Rochelle native Soost, K9 Comfort Dog Peace visit RCH and The Hub City

LCC K9 Comfort Dogs respond to schools, hospitals, disaster areas
ROCHELLE — Last week, Paul Soost of Lutheran Church Charities K9 Comfort Dog Ministry brought Peace to Rochelle Community Hospital employees.
Soost grew up in Rochelle. He now lives in Orlando and was back in the area for the national LCC K9 Comfort Dog Ministry Conference in Northbrook, Illinois. Peace, of course, is a 6.5-year-old purebred golden retriever service dog who has worked to bring comfort to those that need it for five years.
“We went to see the staff,” Soost said of the July 25 visit to RCH. “We know that healthcare providers and first responders have very stressful jobs. We wanted to be able to provide some comfort and relief to the staff at RCH. We went from department to department spending time with the staff in each of the areas. Two of the LCC comfort dogs that are more local have visited RCH in the past. We wanted to take the opportunity to bring Peace to them.”
LCC K9 Comfort Dog Ministry started in 2008. It currently has about 130 dogs in 27 states that do what Peace does. The national human care ministry embraces the nature and skills of golden retrievers.
On a day-to-day basis, Soost and Peace will visit schools, nursing homes, hospitals, fire and police stations and anywhere else that they’re invited to provide comfort. In times of natural or man-made disasters, Peace and dogs like her are deployed in small groups or as part of a team to provide comfort on a larger scale. Rochelle had comfort dogs that came to town in 2015 after the EF4 tornado hit the area.
Peace and Soost has responded to three hurricanes, twice in Florida and once in Elberta, Alabama, to provide comfort to families affected by them. Most recently, they were in Ft. Myers, Florida after Hurricane Ian hit.
In July 2021, the pair were in Surfside, Florida after a condo collapse. Peace was part of a team of dogs there to provide comfort. She and Soost primarily focused on first responders, and met with fire and rescue teams after their 12-hour shifts in recovery efforts.
Peace was also deployed twice to Uvalde, Texas following the school shooting that took place there.
“We deployed last September when the kids were getting ready to go back to school,” Soost said. “We went for one week and were part of a three-week mission to provide comfort to the students as they came back to school for the first time after the shooting. We were just back in Uvalde in May for the one-year remembrance of the school shooting.”
Soost’s church, Trinity Lutheran Church in downtown Orlando, learned about the LCC K9 Comfort Dog Ministry after the shootings at Pulse nightclub in Orlando where 49 lives were lost.

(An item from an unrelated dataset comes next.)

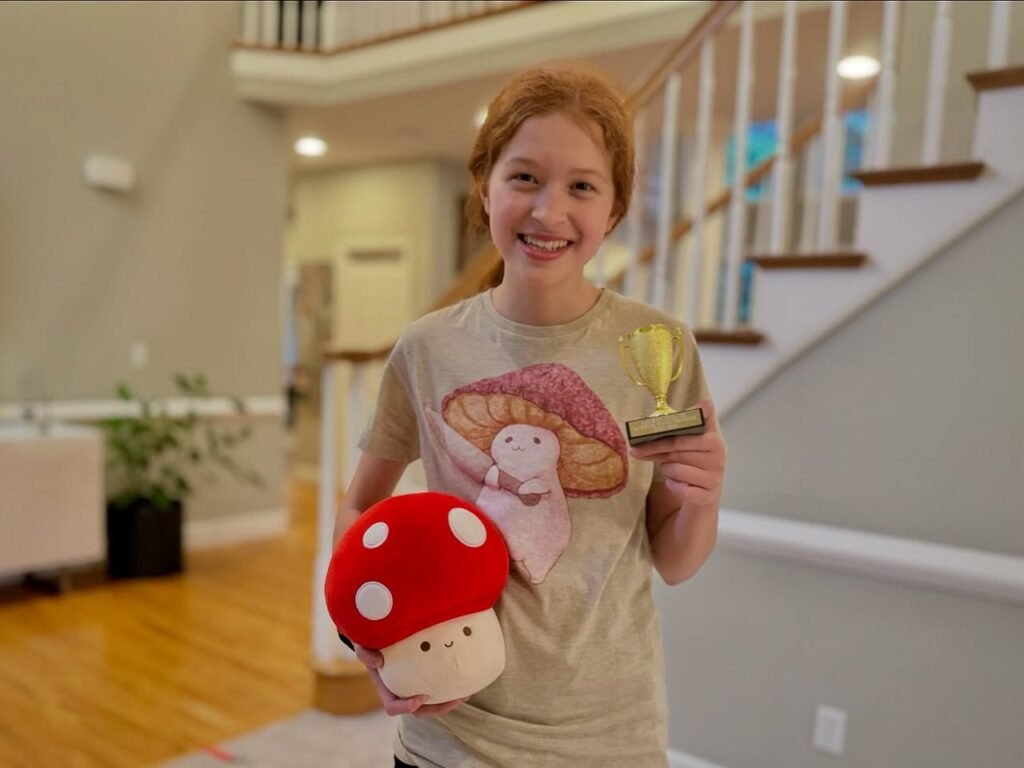 A smiling girl holds a small trophy and a red mushroom plush toy. She wears a t-shirt with a matching mushroom and fairy design in a home hallway.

Soost and his church saw the 12 comfort dogs that came to the city for two weeks to provide comfort, as they were home based on their campus.
“We saw the dogs and teams in action and were able to talk with and learn from them,” Soost said. “We could truly see the impact that the dogs had with people that were grieving. We wanted to get involved with this ministry. We put in a request to get a dog and Peace came in on July 1, 2018 at 18 months old. I have five members on my team and seven on my ministry team for a total of 12.”

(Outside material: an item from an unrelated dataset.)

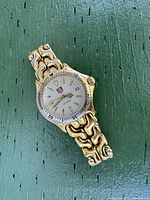 Full view of watch on green surface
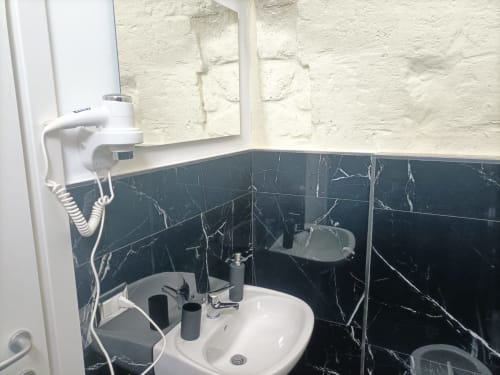 Modern bathroom at Newhouse hotel in Bari with white sink, black marble tile backsplash, wall-mounted hairdryer, and bathroom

Soost called his and Peace’s work “a real blessing” and said he enjoys helping to provide a moment of relief for those going through tough times. He said LCC K9 Comfort Dog Ministry loves developing relationships with communities that have gone through tragedies and the support doesn’t end when dogs and handlers leave.
“At our conference one of our surprise guests was our primary contact from the Uvalde school district,” Soost said. “She had come in to thank the teams that had deployed and just to share a little bit of the progress and the steps they've made in recovering and healing. They'll never be completely the same, but knowing that we're a small part of their healing and helping them get through on a day-to-day basis is so meaningful and rewarding.”

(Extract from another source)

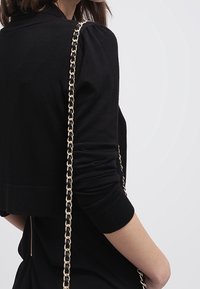 Suéter negro corto con mangas abullonadas, combinado con un bolso de cadena dorada. Textura suave con un diseño minimalista.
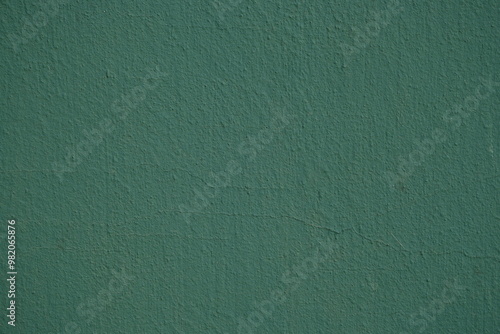 Фотография texture of putty painted gree gently orange painted wall green plaster backgroun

Soost believes the work was a calling for him. He recalled a day when he took Peace to a school in Ft. Myers where a student’s father had recently passed away.
“We went into the second grade classroom and the kids were sitting in a circle in the middle of the room,” Soost said. “Peace kept trying to get into the circle and I kept trying to slow her down. She walked in between two kids and laid down and put her head on one boy’s lap. I saw the teacher had tears in her eyes, and she said that was the student who lost their father. The dogs just have this natural sense of who needs them. To see that boy smile, knowing the grief and pain that he'd gone through, was so heartwarming and confirms why we do what we do on a day-to-day basis.”